Die Spieler:innen führen

»Der interessanteste Aspekt der Videospiel-Musik ist für mich die Interaktivität«, sagt Almut Schwacke. Im Film habe man den fertigen Schnitt, der einem genau vorgeben, wie lang ein Musikstück zu sein hat und welche Stimmung es zu transportieren habe. »Beim Komponieren für Games müssen hingegen immer die Spieler:innen mitgedacht werden. Jemand, der sehr zielgerichtet spielt, durchläuft musikalische Zustände etwa sehr viel schneller als jemand, der sich Zeit lässt.« Dann gelte es etwa, zu verhindern, dass letztere Person für eine Stunde die gleiche Musik hört.

Almut Schwacke ist nicht nur Tonmeisterin und Komponistin, sondern auch Geräuschemacherin (auf englisch: Foley-Artist). Zu ihrem Bild schreibt sie: »Es soll wohl weniger Foley-Artists auf der Welt geben als Astronaut:innen.« · Foto © Almut Schwacke
Almut Schwacke ist nicht nur Tonmeisterin und Komponistin, sondern auch Geräuschemacherin (auf englisch: Foley-Artist).
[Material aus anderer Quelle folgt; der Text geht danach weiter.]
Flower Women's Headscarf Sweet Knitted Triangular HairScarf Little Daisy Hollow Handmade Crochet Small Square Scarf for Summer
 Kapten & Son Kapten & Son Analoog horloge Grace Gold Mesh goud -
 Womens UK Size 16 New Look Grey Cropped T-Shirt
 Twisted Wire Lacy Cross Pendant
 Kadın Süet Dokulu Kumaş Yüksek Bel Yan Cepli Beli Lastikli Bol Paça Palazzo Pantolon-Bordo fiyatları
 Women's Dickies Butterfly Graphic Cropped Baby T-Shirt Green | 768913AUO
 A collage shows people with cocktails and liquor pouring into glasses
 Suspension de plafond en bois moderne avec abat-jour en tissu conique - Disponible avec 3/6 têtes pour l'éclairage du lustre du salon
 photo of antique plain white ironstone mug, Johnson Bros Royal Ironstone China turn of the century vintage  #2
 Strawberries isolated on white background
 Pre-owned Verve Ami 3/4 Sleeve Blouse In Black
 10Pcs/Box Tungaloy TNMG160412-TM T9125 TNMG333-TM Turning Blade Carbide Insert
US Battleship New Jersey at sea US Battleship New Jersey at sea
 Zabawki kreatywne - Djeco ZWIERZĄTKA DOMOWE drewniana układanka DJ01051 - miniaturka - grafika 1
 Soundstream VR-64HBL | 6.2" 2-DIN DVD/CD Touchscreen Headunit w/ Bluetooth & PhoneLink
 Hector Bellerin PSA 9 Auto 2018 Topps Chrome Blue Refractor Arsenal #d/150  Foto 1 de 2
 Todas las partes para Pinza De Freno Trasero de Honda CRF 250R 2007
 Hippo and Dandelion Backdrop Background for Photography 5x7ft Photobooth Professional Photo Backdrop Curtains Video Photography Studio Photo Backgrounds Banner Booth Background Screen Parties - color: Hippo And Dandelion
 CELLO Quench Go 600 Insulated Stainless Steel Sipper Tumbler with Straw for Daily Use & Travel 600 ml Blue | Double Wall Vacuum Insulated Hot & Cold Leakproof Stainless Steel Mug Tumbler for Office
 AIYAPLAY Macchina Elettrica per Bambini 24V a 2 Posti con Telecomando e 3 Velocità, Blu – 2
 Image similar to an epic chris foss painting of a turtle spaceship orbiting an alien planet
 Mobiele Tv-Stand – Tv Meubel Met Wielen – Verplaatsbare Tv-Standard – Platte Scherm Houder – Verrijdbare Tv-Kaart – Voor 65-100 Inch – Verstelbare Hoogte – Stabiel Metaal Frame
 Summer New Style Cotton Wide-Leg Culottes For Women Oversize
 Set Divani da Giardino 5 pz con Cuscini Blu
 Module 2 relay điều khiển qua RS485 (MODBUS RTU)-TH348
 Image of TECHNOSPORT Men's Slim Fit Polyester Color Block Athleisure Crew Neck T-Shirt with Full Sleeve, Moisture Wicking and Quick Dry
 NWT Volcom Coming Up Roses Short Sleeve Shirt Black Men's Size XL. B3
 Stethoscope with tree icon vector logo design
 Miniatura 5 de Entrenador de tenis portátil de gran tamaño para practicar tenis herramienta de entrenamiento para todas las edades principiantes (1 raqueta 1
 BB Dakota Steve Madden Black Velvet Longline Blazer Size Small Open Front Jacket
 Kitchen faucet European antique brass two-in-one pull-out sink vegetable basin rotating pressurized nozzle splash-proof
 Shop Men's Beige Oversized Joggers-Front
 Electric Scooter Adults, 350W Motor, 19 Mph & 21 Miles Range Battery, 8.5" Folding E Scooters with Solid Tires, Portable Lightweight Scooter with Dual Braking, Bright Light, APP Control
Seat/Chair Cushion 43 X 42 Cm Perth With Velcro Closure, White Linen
Zu ihrem Bild schreibt sie: »Es soll wohl weniger Foley-Artists auf der Welt geben als Astronaut:innen.« · Foto © Almut Schwacke

Eines der letzten Spiele, für das Almut Schwacke Musik komponiert hat ist Through the Darkest of Times, das die Spieler:innen zum Teil des Widerstandes gegen das sogenannte Dritte Reich kurz nach der Machtübernahme macht. »Ich habe zunächst überlegt, welche Musik zu der Zeit präsent war: Swing und Jazz. Doch das ist oft sehr beschwingte Musik und das passt nicht immer zu diesem Spiel«, sagt Schwacke. »Through the Darkest of Times« gibt den Spieler:innen zwar Handlungsmöglichkeiten. Sie können neue Mitglieder für den Widerstand gewinnen, können Demos organisieren oder Geld eintreiben. Die Stärke des Spiels ist aber die Reibung zwischen diesen Möglichkeiten und dem Wissen darum, dass diese Mühen sich doch nicht wirklich auszahlen werden: Die Geschichte des nationalsozialistischen Deutschlands ist bekannt, die Spieler:innen werden das Unheil nicht verhindern können.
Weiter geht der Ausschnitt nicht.